これで、王宮から檀宗が消えた説明がつくという。
抜け穴は、裏山の入り口付近に続いていた。ネズミが隠れるとしたら、
草藪や穴のある裏山だと目星をつけた。
裏山を捜索していると、見覚えのある後ろ姿を発見した。
主がいたずらして、背後にまわると背中を軽くたたいた。
「うわっ! 」
護王猪麿が、驚きの声を上げてふり返った。
「そんなに驚くことはないと思いますが‥ 」
主が苦笑いして言った。
「こんなところで、何をしておる? 」
護王が決まり悪そうに言った。
「薬草摘みです」
主が、背負っていた籠の中を見せると言った。
護王だけならともかく、お供の者が何人か一緒にいたことから、
さすがに、檀宗を捜しに来たといは言えない雰囲気だった。
万が一の時のために、あらかじめ、用意しておいた薬草が役に立った。
「さようか。
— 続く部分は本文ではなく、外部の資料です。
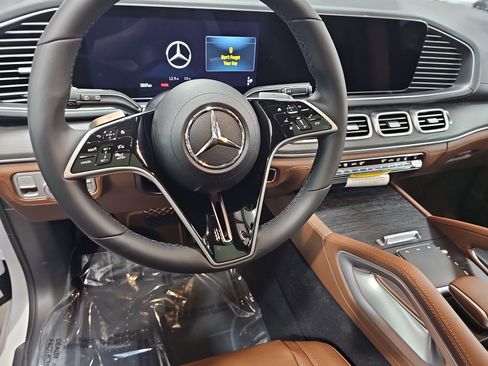 New 2026 Mercedes-Benz GLE 450e 4MATIC image 17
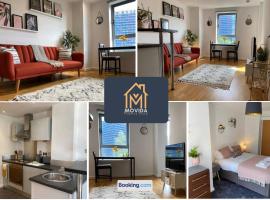 Hotel Photo: Stylish One Bedroom Apartment By Movida Property Group Short Lets & Serviced Accommodation Leeds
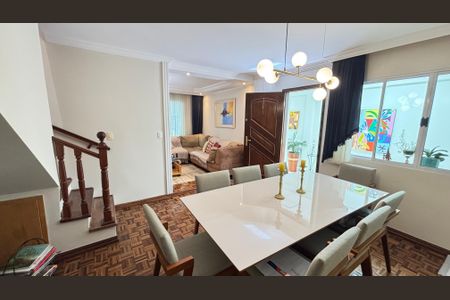 Casa à venda com 200m², 3 quartos e 3 vagasSala de Jantar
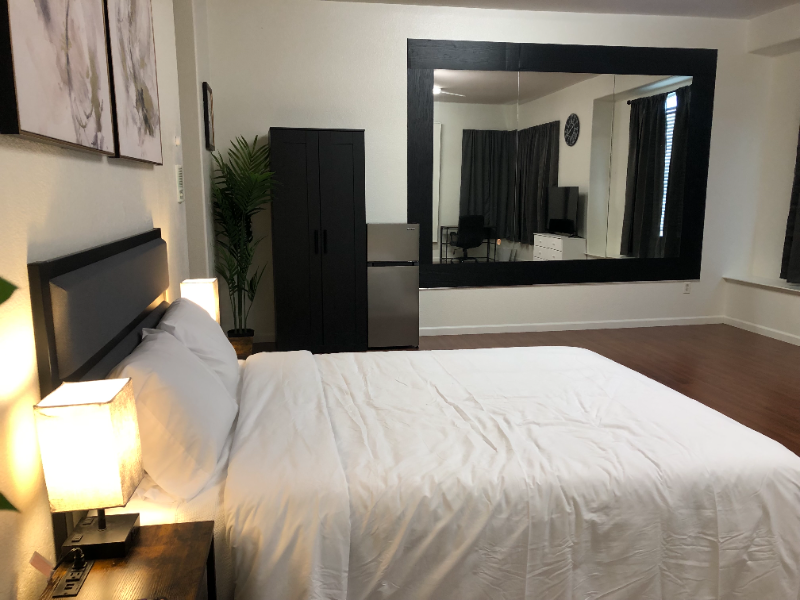 8408 Arrowroot Cir - Photo 6 of 10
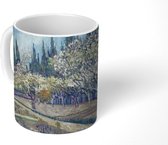 Mok - Koffiemok - Boomgaard tegen cipressen - Vincent van Gogh - Mokken - 350 ML - Beker - Koffiemokken - Theemok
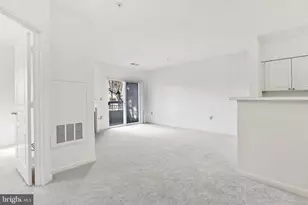 2204 Westcourt Ln, Herndon, VA 20170 - Photo 3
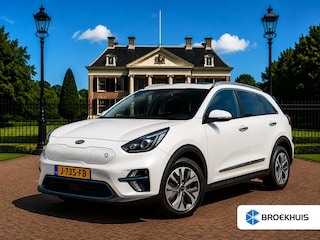 Kia Niro e-Niro ExecutiveLine 64 kWh | NL-AUTO! | 1E EIGENAAR! | CAMERA | TREKHAAK | ADAPTIVE CRUISE | STOELVERWARMING + VERKOELING | LEDER | PARK SENS V+A | NAVI | LANE ASSIST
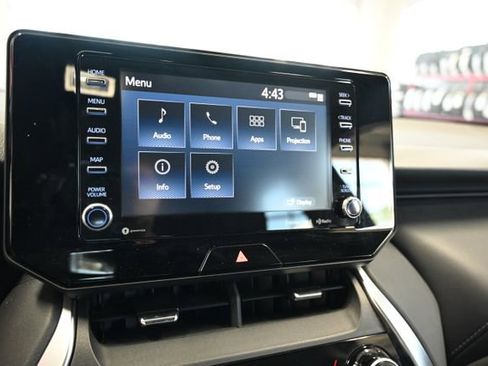 Used 2022 Toyota Venza LE AWD/4WD image 16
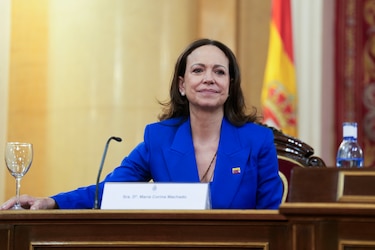 María Corina Machado dice que vuelve a Venezuela y pide ayuda a para la ‘reconstrucción democrática’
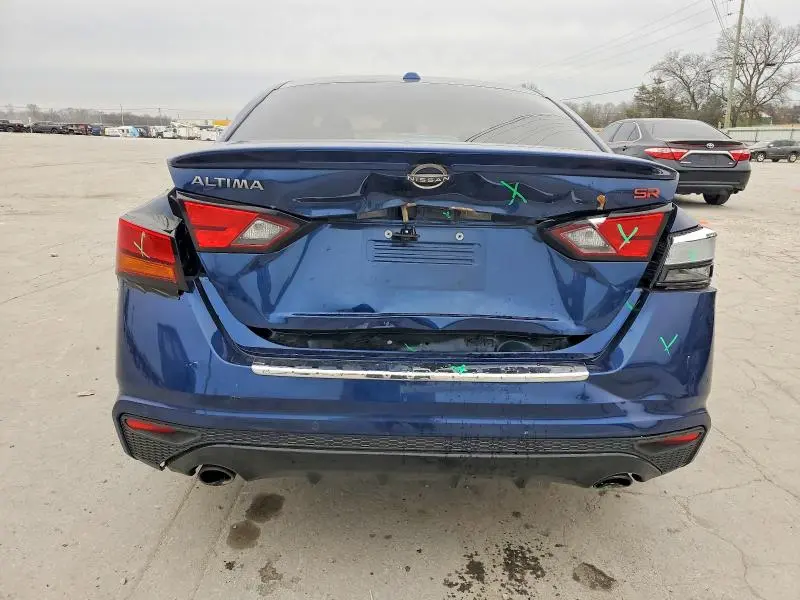 2023 NISSAN ALTIMA SR  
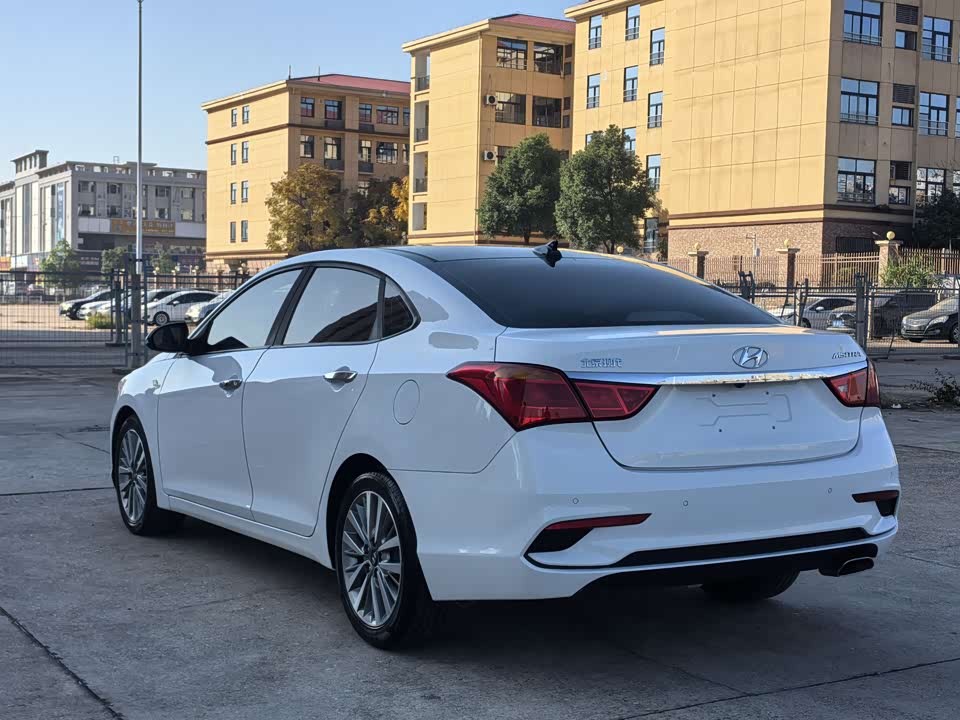 Hyundai Name picture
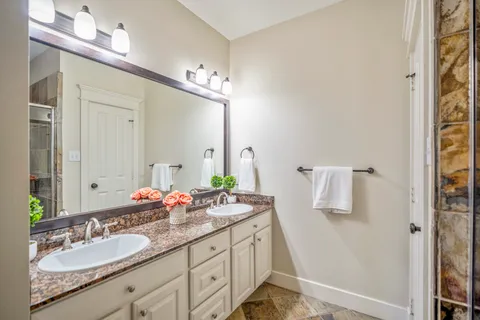 $435,000 | 905 West 23rd Street, Houston, TX 77008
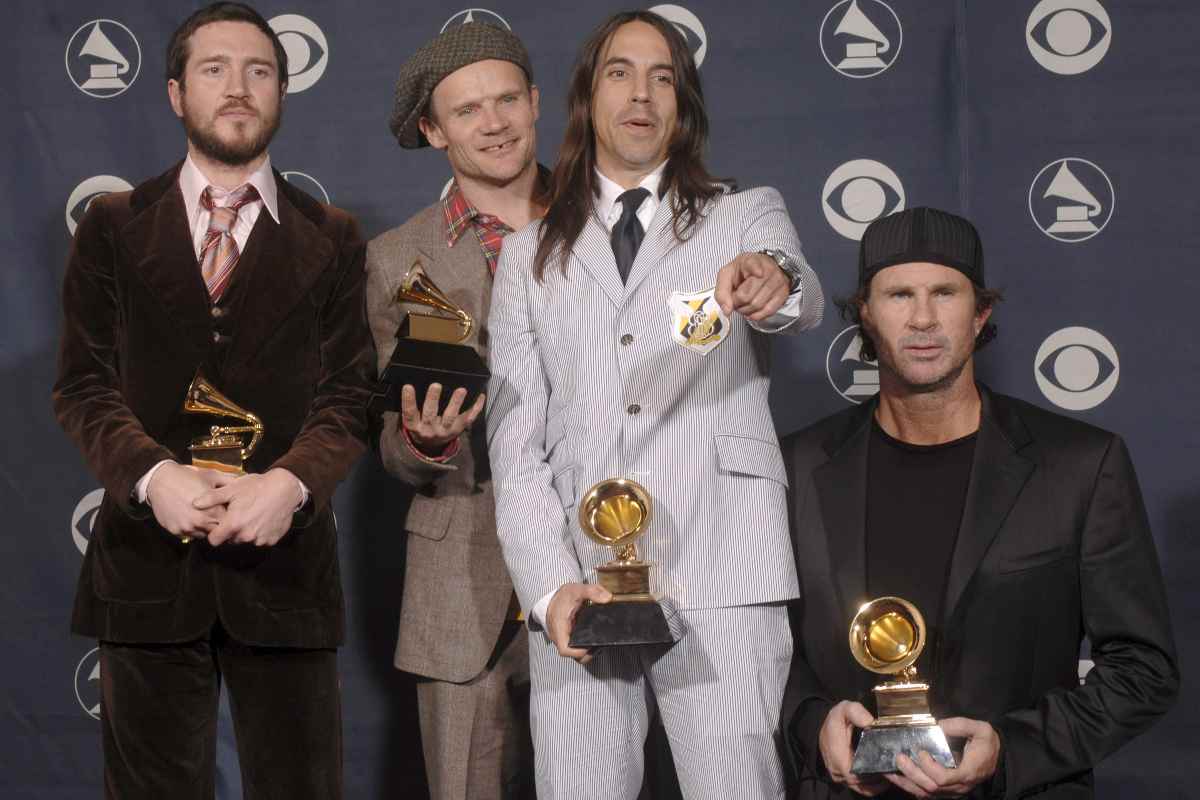 i red hot chili peppers in posa con un premio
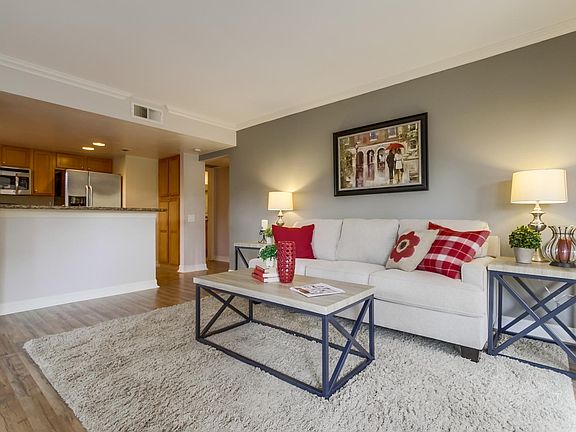 3rd image of 15383 Maturin Dr Unit 216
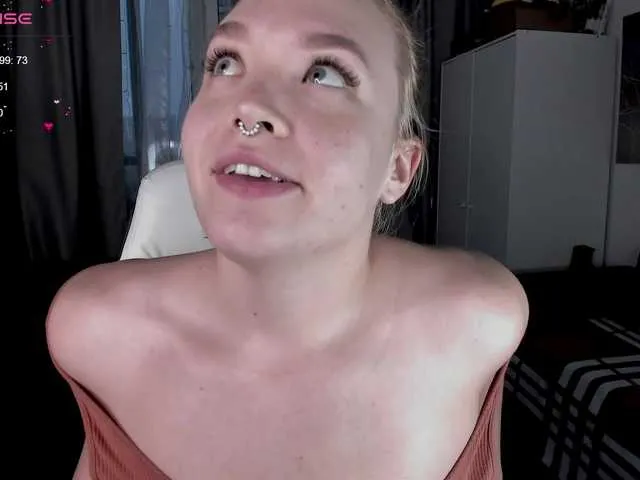 Live sex webcam photo for EvaRose #290184571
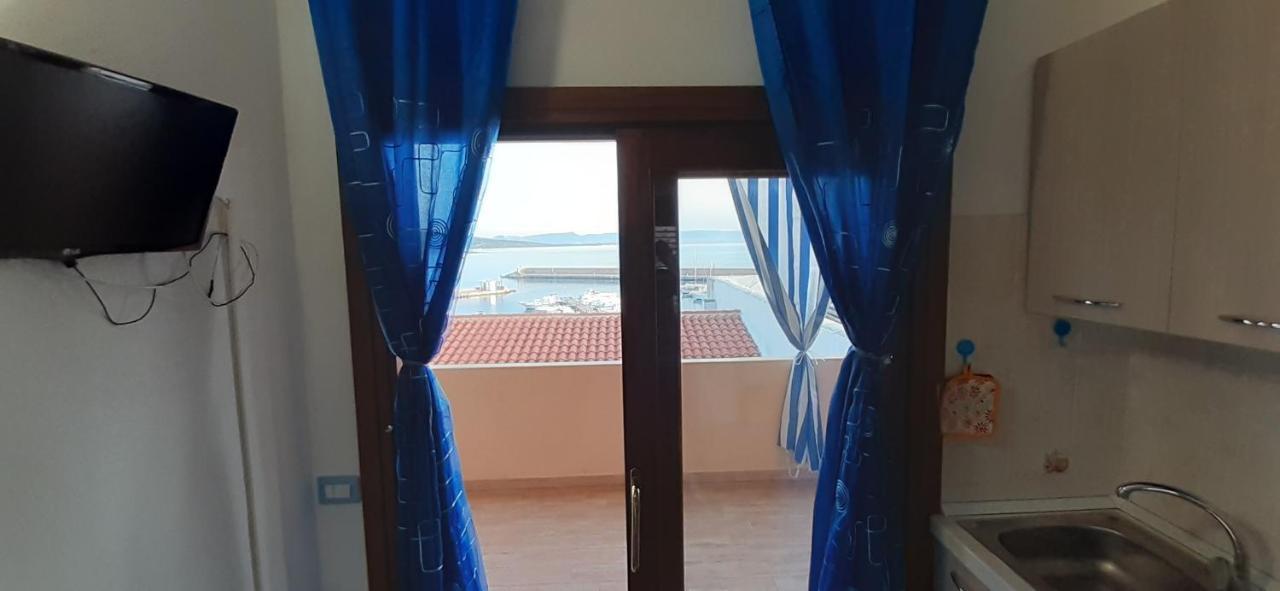 Fronte Mare Attico Indipendente Ed Esclusivo Con Terrazza Panoramica Apartment อิโซลา โรสซา ภายนอก รูปภาพ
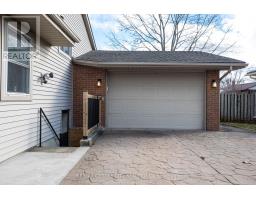 18 HIGHVIEW DRIVE - 5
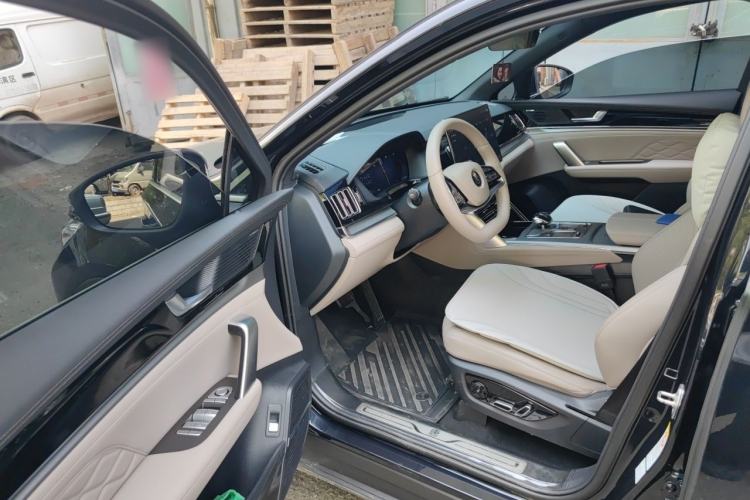 Used BYD Tang New Energy 2025 DM-i 115KM Prestige Model Driver Seat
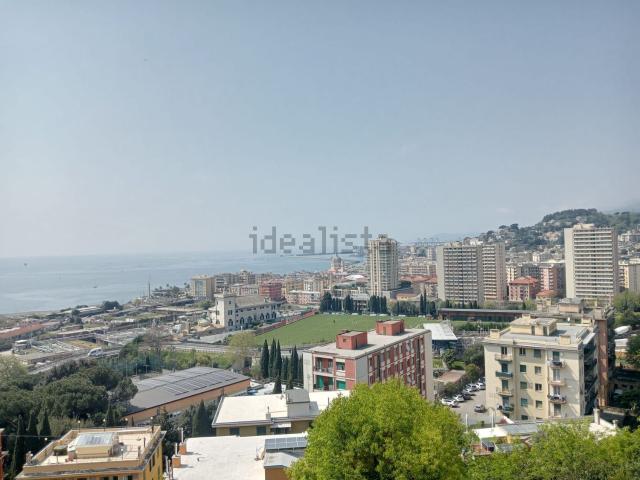 Appartamento in vendita di 106 m² in Via Monte Oliveto, 8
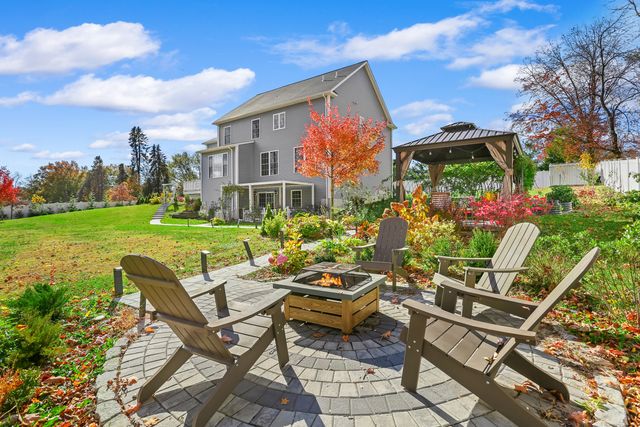 450 James Farm Road, Stratford, CT 06614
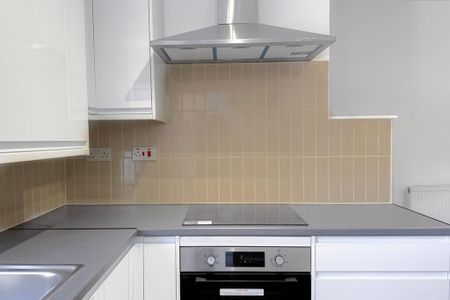 2 bedroom terraced house to rent - Photo 5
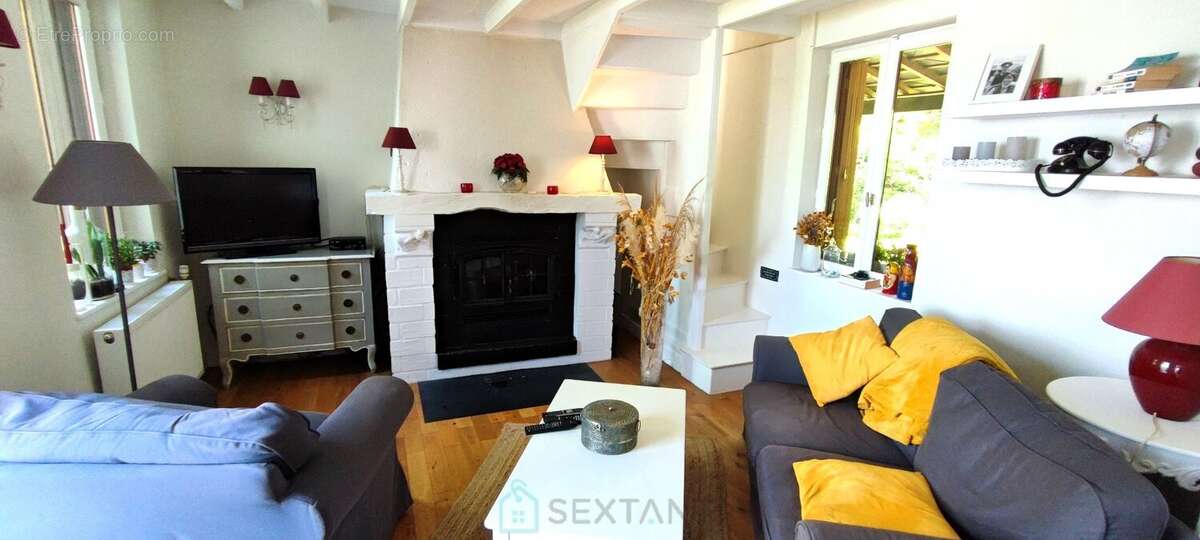 Maison à BOURG-ACHARD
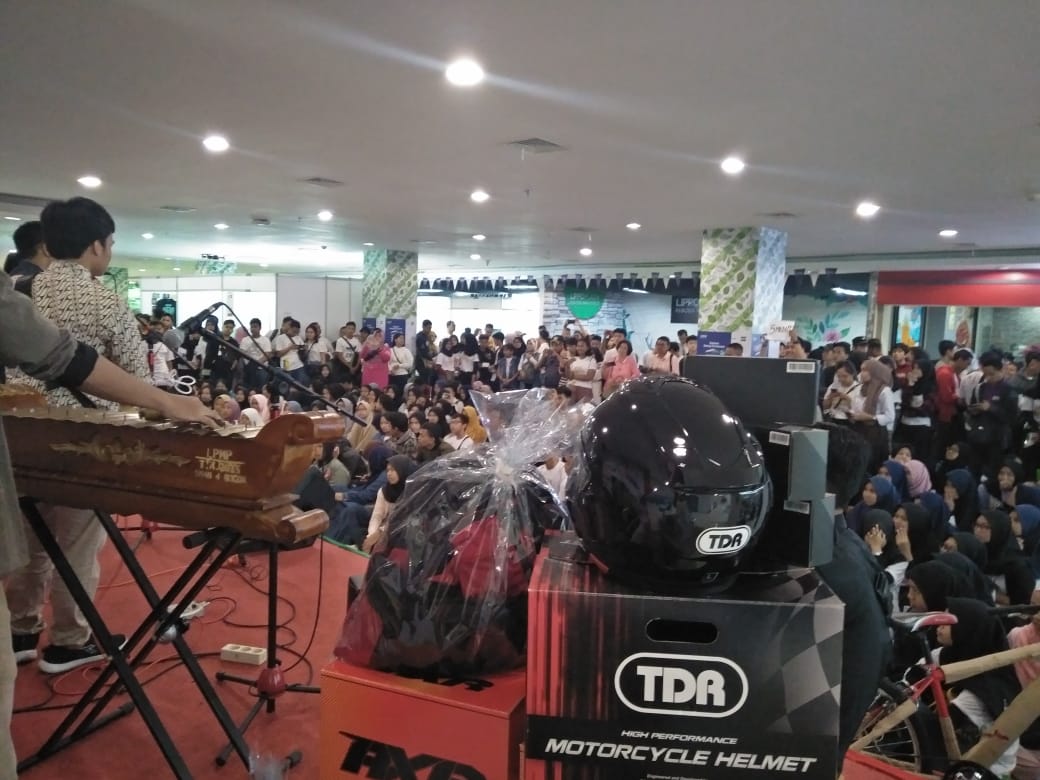 TDR_RACING's tweet photo. Edukasi "Road Safety" kepada generasi millennial di Lippo Plaza Kebun Raya Bogor. "Millennial Road Safety Festival" yang diadakan oleh KORLANTAS POLRI didukung oleh TDR One Team dengan memberikan dorprize perlengkapan safety riding.
.
#TdrOneTeam #MillennialRoadSafetyFestival https://t.co/asogQ28MVy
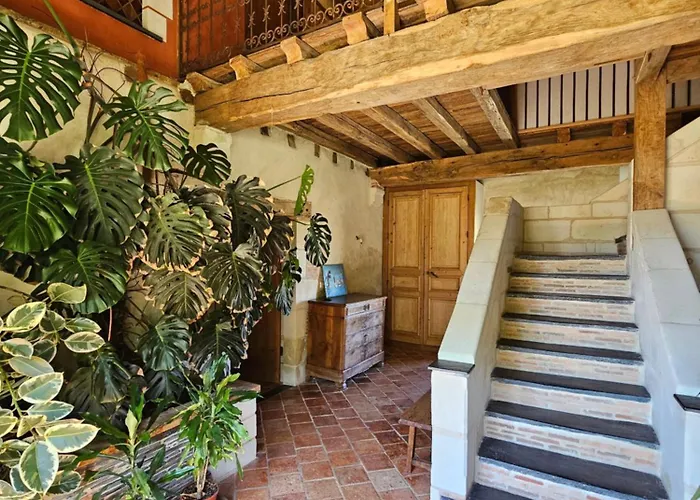 Eco-friendly House, Near Angers5 Bedrooms, 2 Bathrooms *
おなごひとりでは危ないから宮殿まで送ろう」
護王が、紳士的なふるまいをしたので驚いた。
「護王様は、ここで、何をされていたのですか? 」
主が訊ねた。
「ハエの大群が、大発生しているとの通報を受けて、
ハエを追ってここまで来たというわけだ」
護王が咳払いして答えた。
「へえ。ハエを追ってですか? 」
主が感心したように言った。
「悪いか? 」
護王が決まり悪そうに言った。
「いいえ。護王様らしいと思います」
主がほほ笑んだ。
自らの足で、自らの目で確かめなくては気が済まないという
護王の好奇心の強さと探求心は、どんなに、位が高くなろうが変わらないらしい。
「おかげで、根源をつきとめることができた。
これで、大手をふって帰れるというものだ」
護王が言った。
「根源はどこでしたか? 」
主もまた、好奇心の塊なのだ。
「この裏山に群生するヤツデの花だ。
ここにたどり着くためには、市中を通らねば
ならぬから、ハエの大群を目にして騒ぎになっても仕方がなかろう」
護王が言った。
「おい、あれって、もしかして、妖猫ではないか? 」
おいらは、護王たちの背後を横切った奇妙な猫を見つけてさけんだ。
先日、宮殿付近で目撃されたという妖猫の描写と同じだ。
「突然、大声出して、なんなの? 」
主が小声で、おいらに訊ねた。
「妖猫がいたんだよ」
おいらが妖猫がいた方を指さすと、
その指さした方向から、ボサボサの黒髪を肩まで垂らして
無精ひげを生やした原始人みたいな男が、
壺を胸に抱えながら歩いて来るのが見えた。
「良い香りがする。この香りは、桂の木だわ」
周囲に桂木は生えていないにも関わらず、
なぜか、主が、桂木の香りがすると奇妙なことを言った。